After a long wait, Nintendo handheld users (by which I mean, I) finally got an edition of GTA for the DS. And it’s about time. It’s true, the DS lacks the sheer girth of the PSP’s hardware (DO NOT ASK ABOUT MY CONSOLE PENIS LEAGUES), but the original GTA ran on four megs of RAM and a 486 processor. Why not just throw out a retooled version of that? It’s been freeware for god knows how long.
The reason is pretty evident when you pick up GTA:CW. There’s a lot of features we’ve come to expect from GTA that the great granddaddy just didn’t provide – not least GTA4’s new “why the hell didn’t we have one of these before” routemapping feature. Lock-on aiming, flippable vehicles you can leap out of at the last minute; CW might be DS based and stripped down, but its pedigree is pretty clear. The engine and general game mechanics themselves play a lot like a souped-up GTA2 – tougher pedestrians and cars, although less of a freeform, sandboxy structure than the original.
I’m not sure placating the spoiled audience is the only reason a direct port wasn’t practical though. The unspoken rule (actually, may even be contractual) is that ALL DS GAMES MUST INVOLVE TOUCHPAD FONDLING, and this is no exception, including chucking money at toll booths and – bizarrely – rummaging for firearms in bins. I’m not a big fan of the toll booths in GTA4, but CW’s mockery of my ham-fisted blunderings is borderline unforgivable. Switching between unintuitive controls is tricky at the best of times, when you’re trying not to crash and navigating a narrow space, it’s maddening. Especially when some windowlicking dogfucker has decided that B should be accelerate, instead of the universally accepted right shoulder-button.
Which makes Chinatown Wars a mixed bag. It’s definitely GTA, and it’s definitely a descendant of the classic GTA 1 and 2; I’d recommend anyone who played the original to pick it up purely for nostalgia reasons. But it’s retained some of the savvy moves of later iterations, with the GPS and targeting keeping it playable for more recent conversions to the franchise.

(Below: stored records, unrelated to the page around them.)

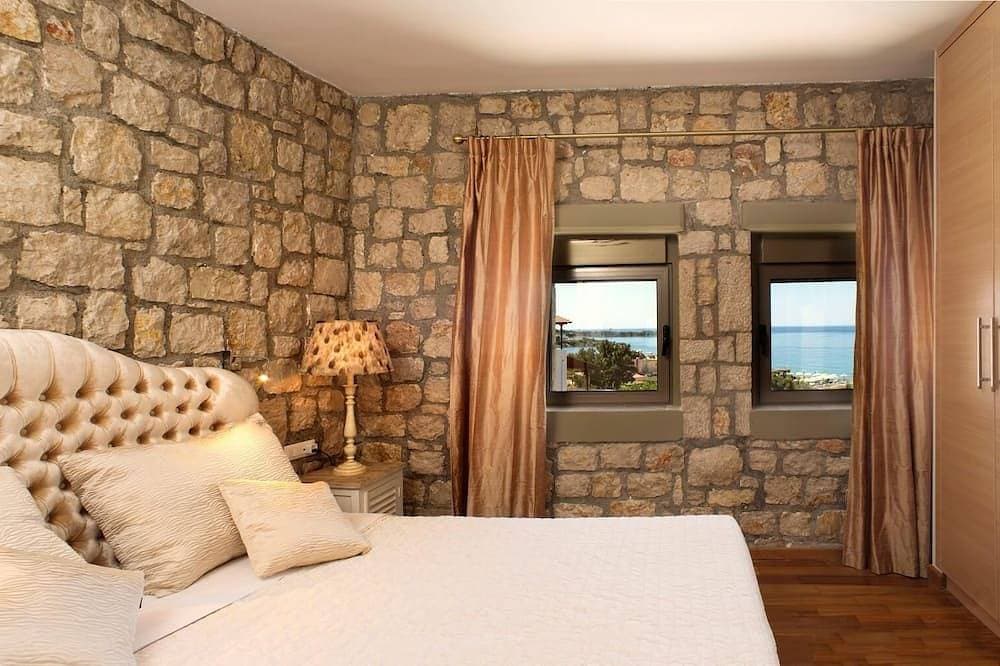 Foto 3 von 20: Villa Althea - Privater beheizter Pool, WLAN und Klimaanlage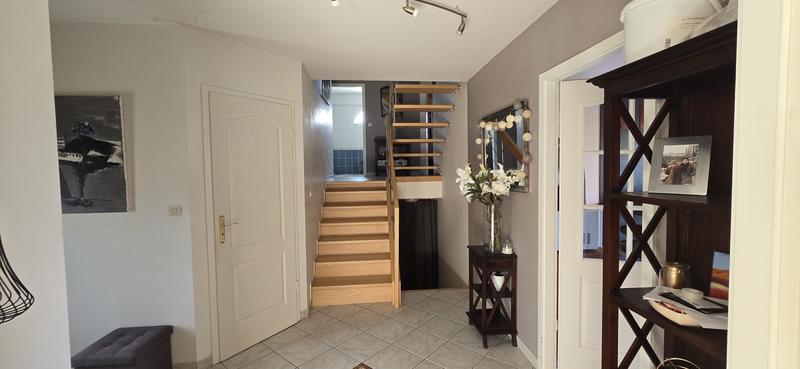 Maison - 156 m² - 8 pièces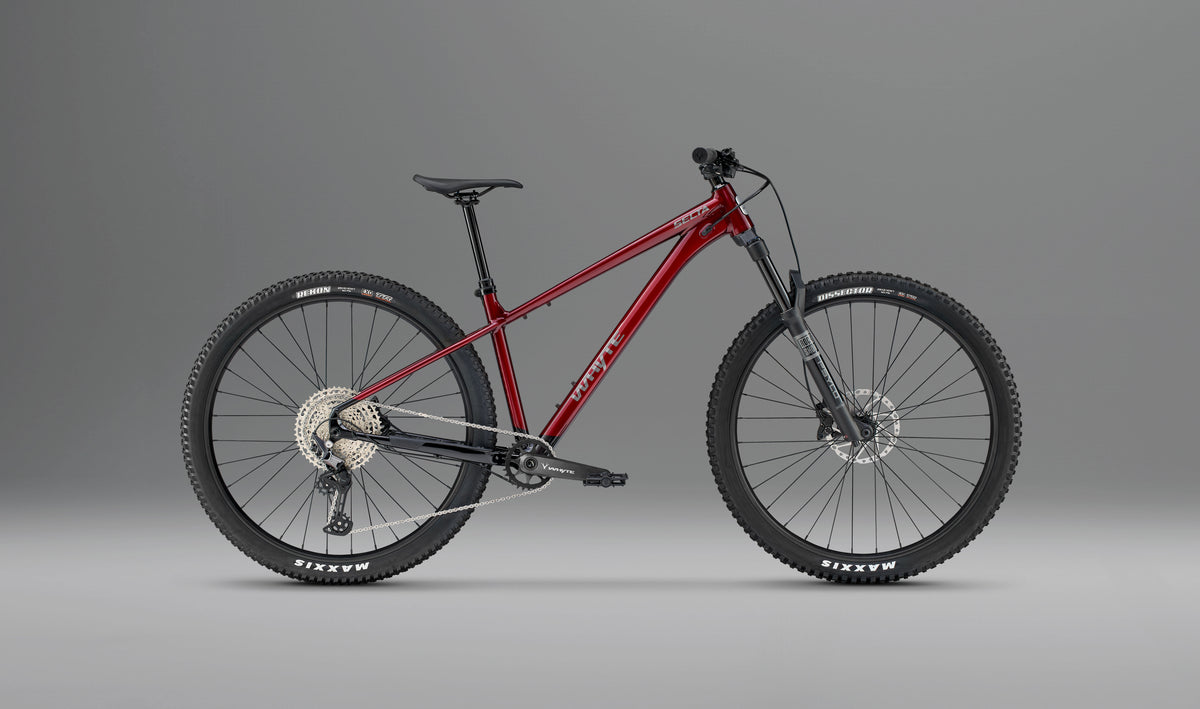 Whyte Secta RS, Ruby red and black, z boku, na šedém pozadí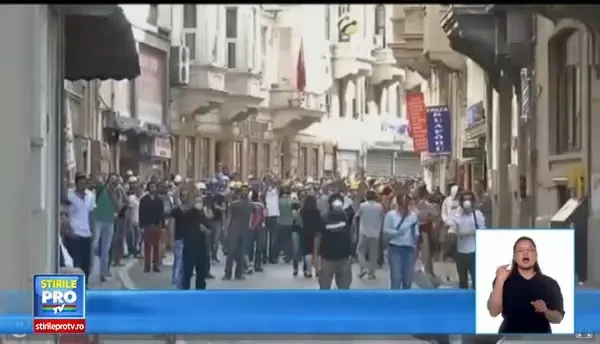 Pare ca prietenul i-a facut o poza in timp ce o tinea de mana. Imaginea completa e insa o surpriza totala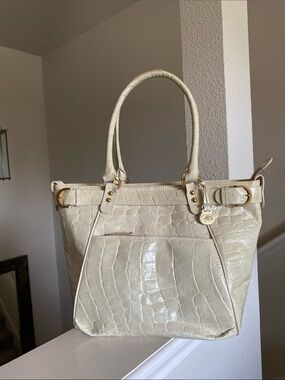 VINTAGE Cream Brahmin Bag with Gold Hardware
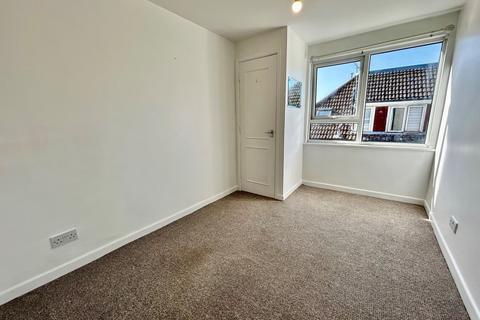 2 bedroom flat to rent, Seaford Court, 14 Argyll Road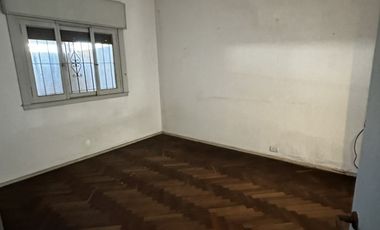 PH EN VENTA EN PLANTA BAJA CON PATIO PROPIO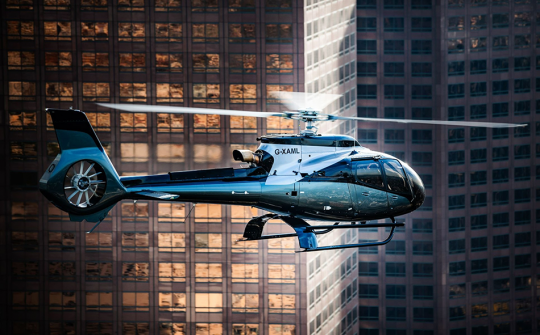 NOT A HOTEL đặt mua trực thăng Airbus ACH130 Aston Martin Edition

Remember backing away frantically, trying to fucking hit someone, ANYONE, with the pistol in GTA1? It’s just a shame gimmicky touchpad interactions spoil the immersion in what would otherwise be a true classic.
I can’t shake the feeling that this touchy-feely rubbish is tacked on exclusively to make use of the DS’s trademarked gimmick. I don’t understand why games crowbar this crap in, when there’s easily enough fantastic games out there that genuinely make good use of the touchpad (see Soul Bubbles and Music Monstars) to justify its existence.